Description of the task:
Set out word for word the line that contains "Used 2023 Honda Accord EX image 27" and each line after it, through the end of the data below, but exclude the pictures.

Data section:
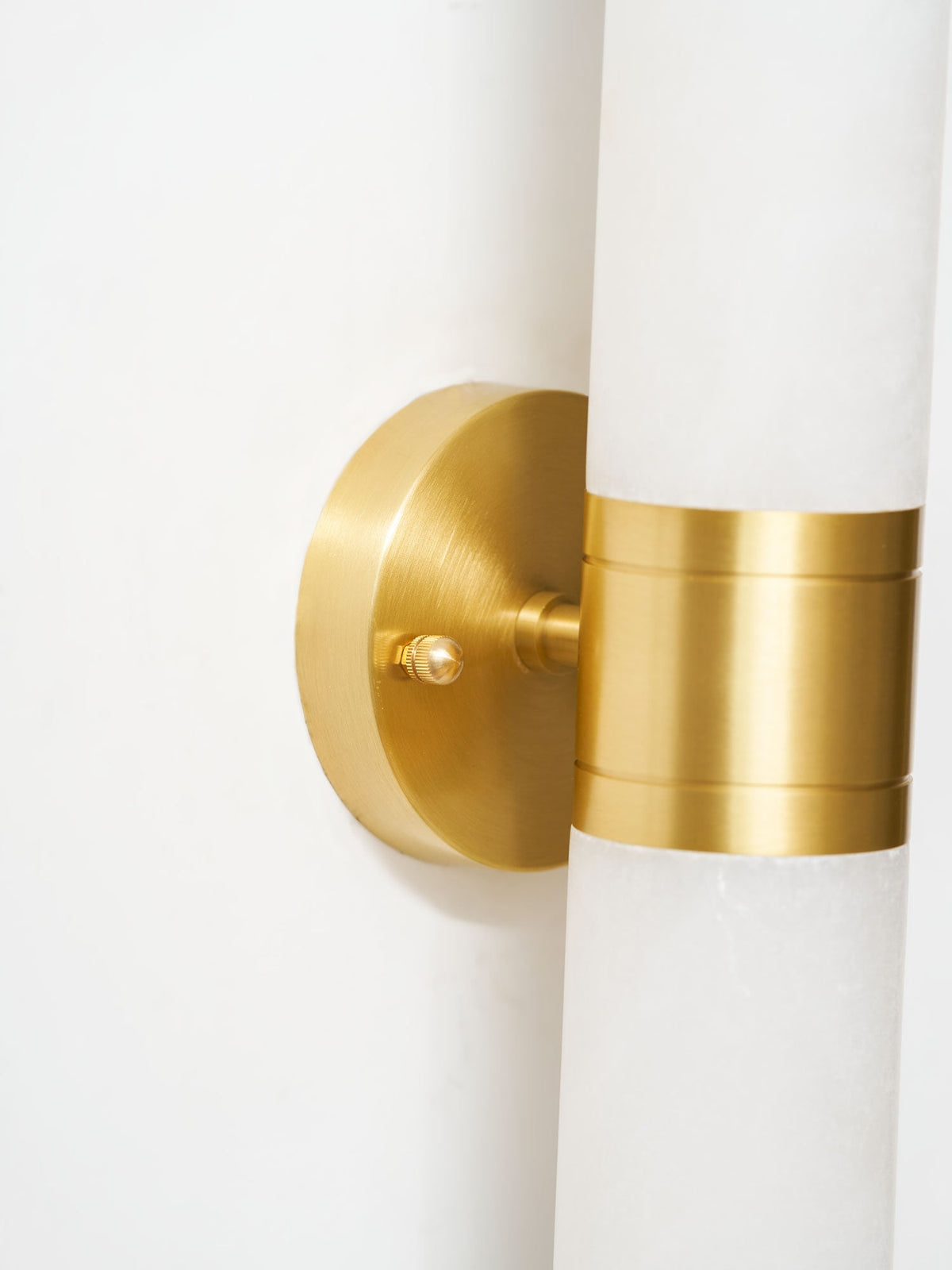 Tira aplique de pared minimalista alabastro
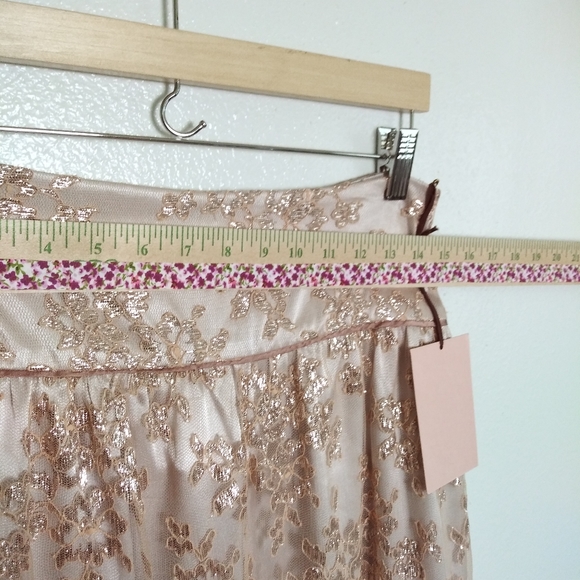 Wendy Hil Gold Rose Lace Scalloped Edge Skirt Women's Size 2 Lining - Picture 11 of 12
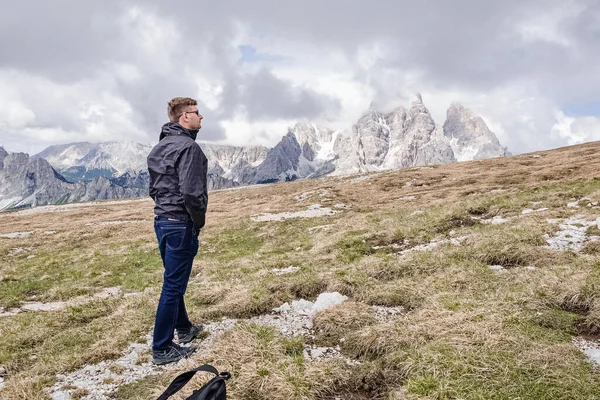Joven viajero senderismo en los Alpes Dolomitas montañas. — Foto de Stock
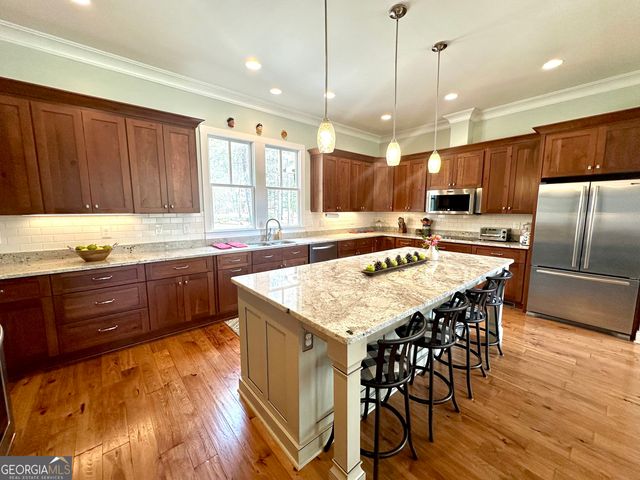 75 Mikes Lane, Sharpsburg, GA 30277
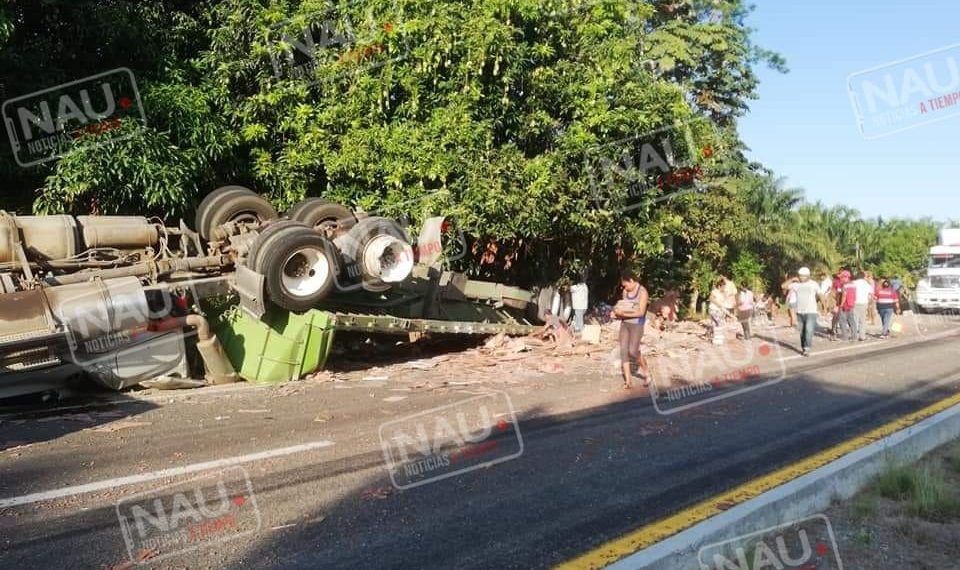 Vuelca tráiler cargado de losetas con destino a Tapachula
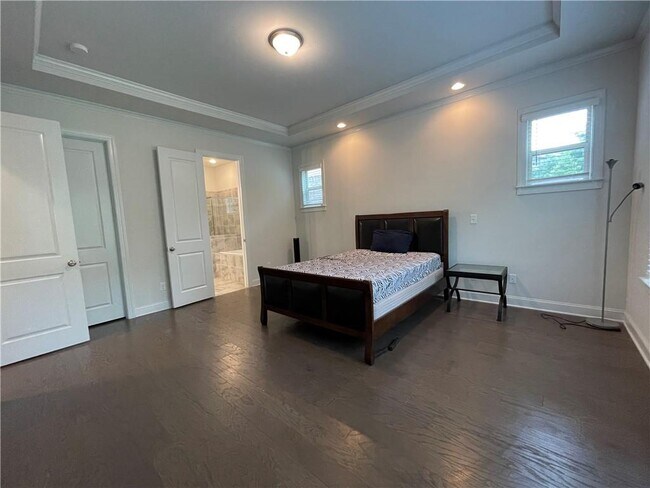 Building Photo - 673 Avondale Creek Dr.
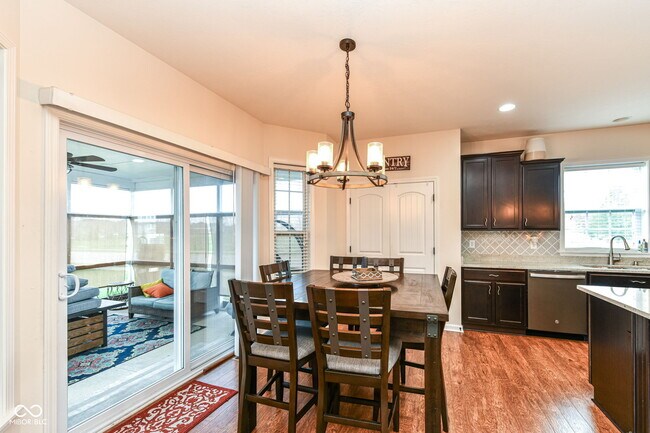 Building Photo - 6252 Sugar Maple Dr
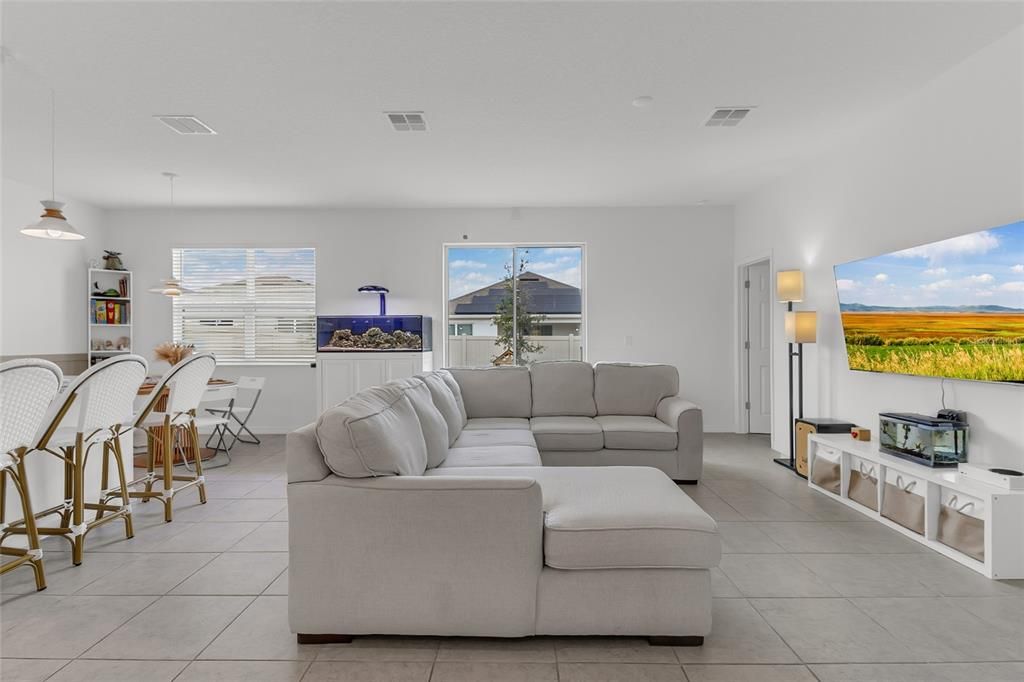 For Sale: $295,990 (3 beds, 2 baths, 1520 Square Feet)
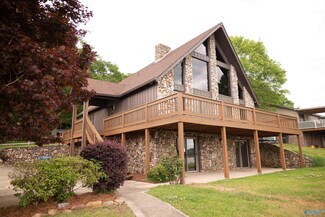 418 Riverton Dr, Rainbow City, AL 35906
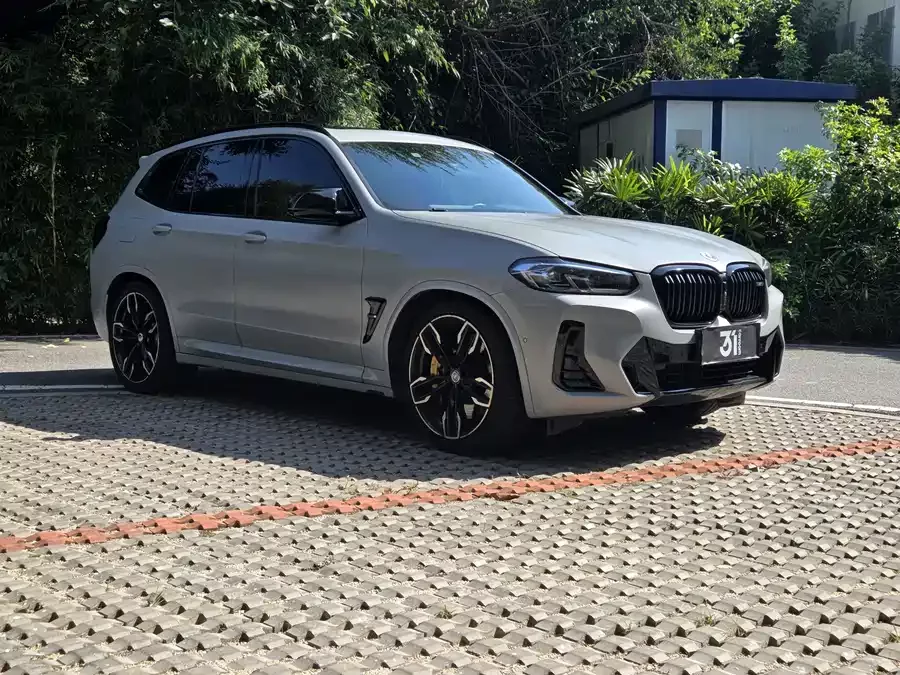 BMW X3 M40i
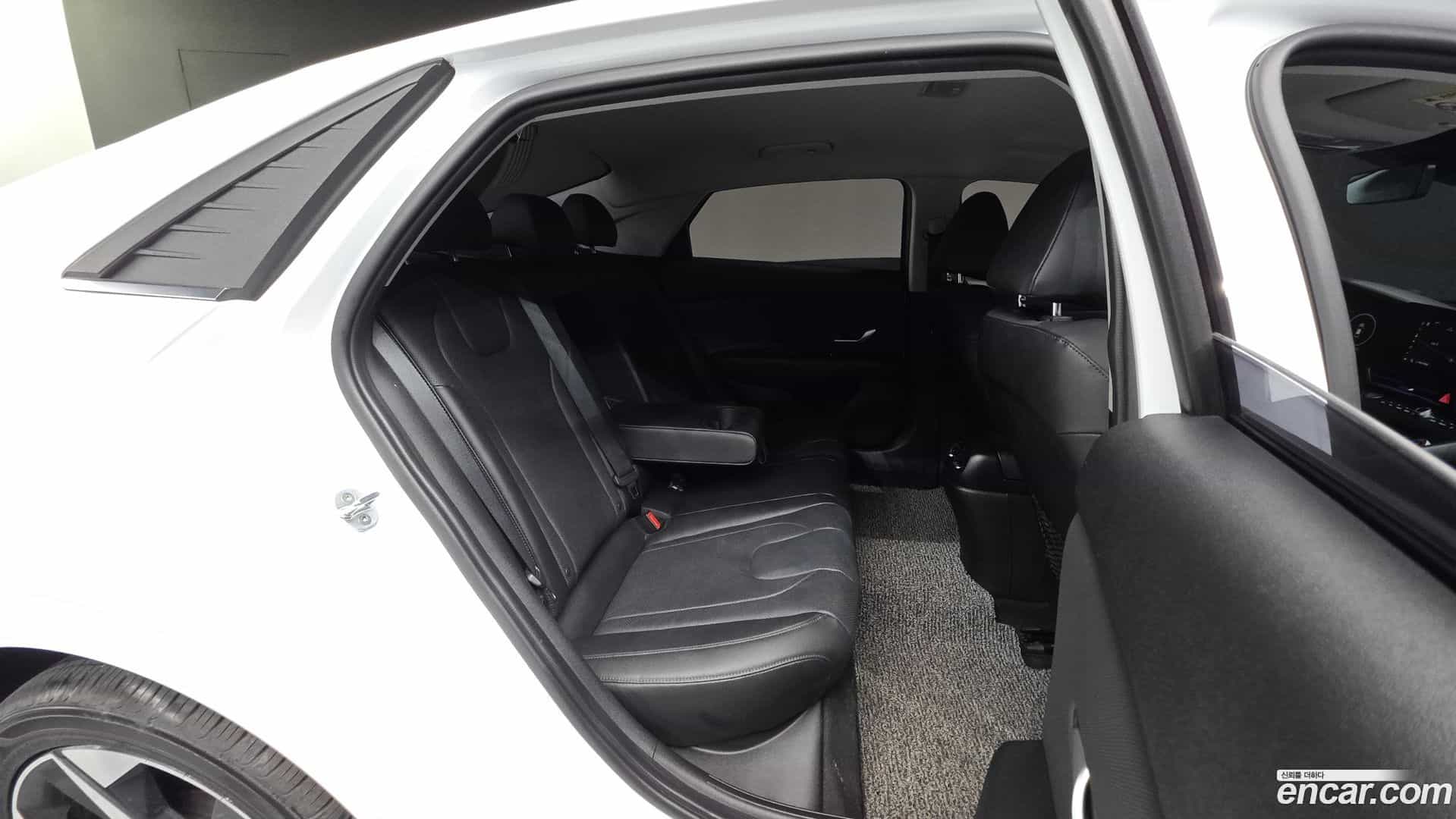 AVANTE Hyundai 2020.5-OPTION-045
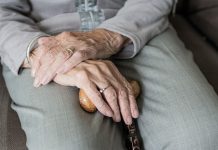 sanità pugliese, liste d’attesa e rsa al collasso: i fragili restano senza risposte. decaro vuole più soldi dal governo Salute - Corriere Salentino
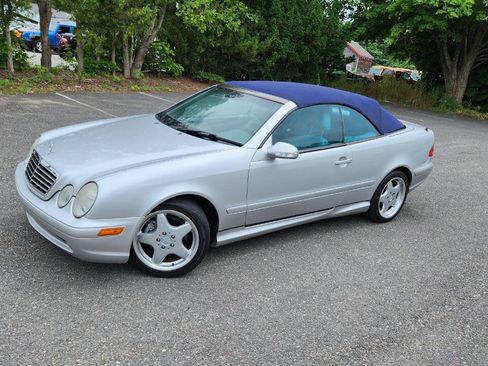 Used 2001 Mercedes-Benz CLK 430 Cabriolet image 3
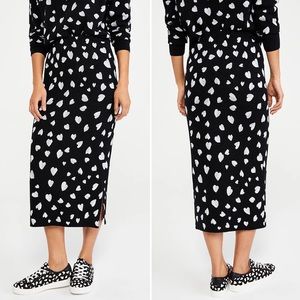 Ann Taylor Black and White Heart Print Sweater Skirt XS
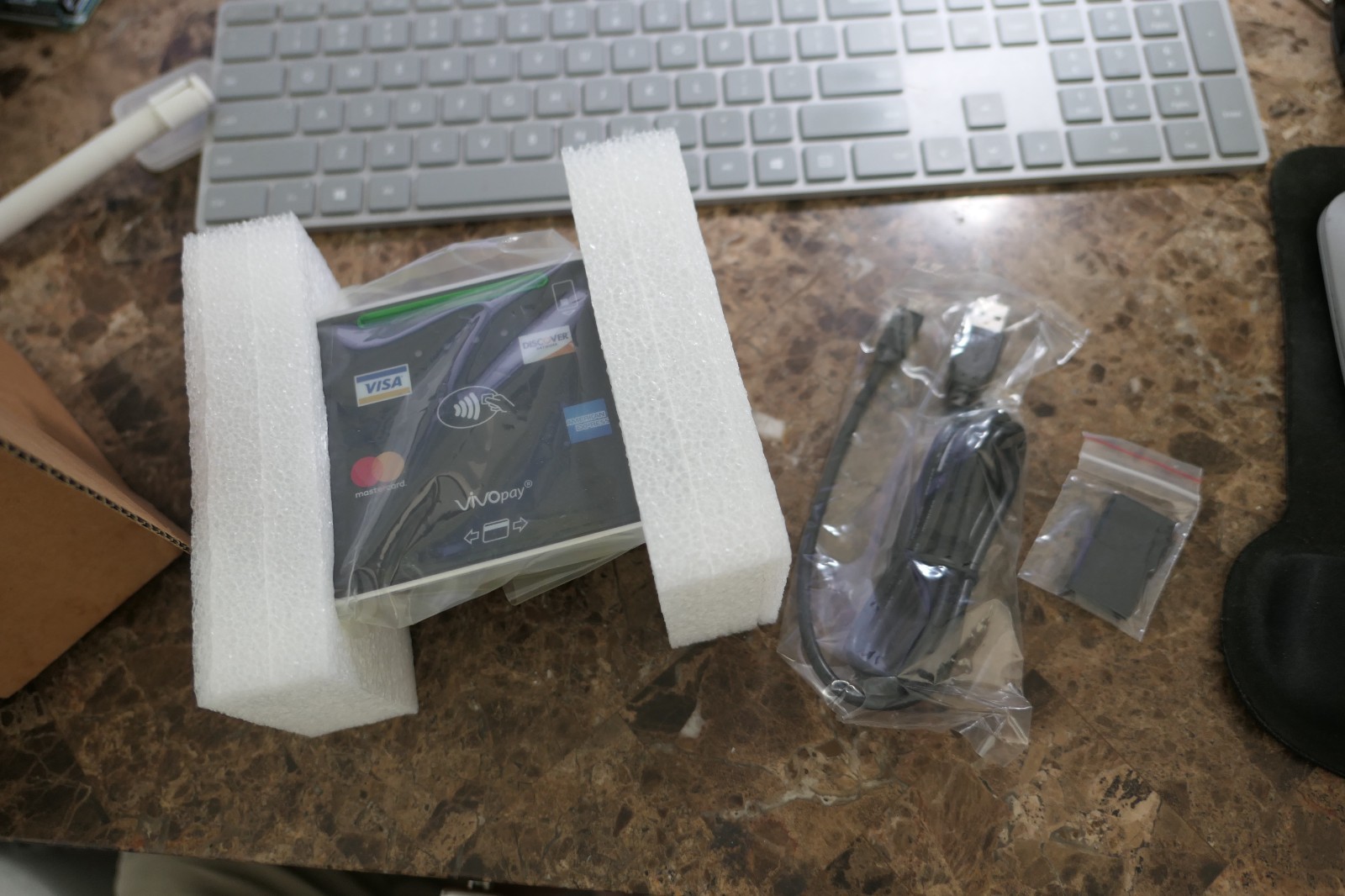 NEW IDV8-300P – ID Tech VP8300 Contact and Contactless Card Reader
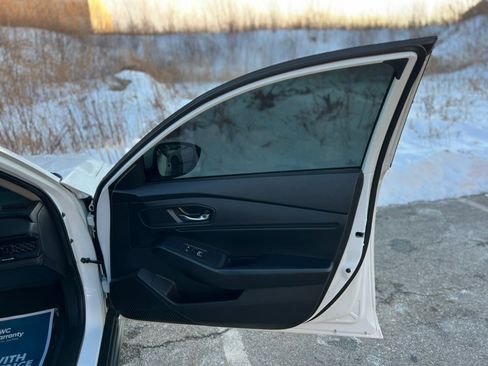 Used 2023 Honda Accord EX image 27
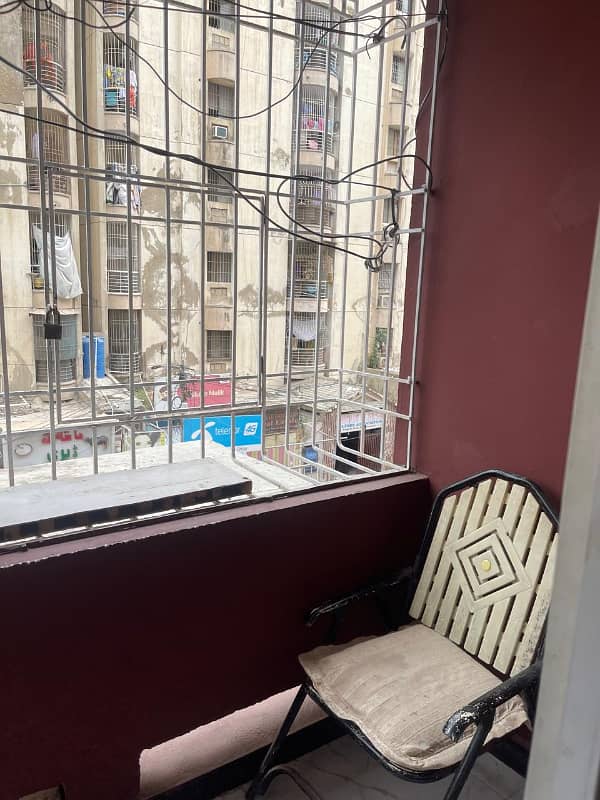 three bed dd leased apartment for sale in johar 2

Task output:
 Used 2023 Honda Accord EX image 27
 three bed dd leased apartment for sale in johar 2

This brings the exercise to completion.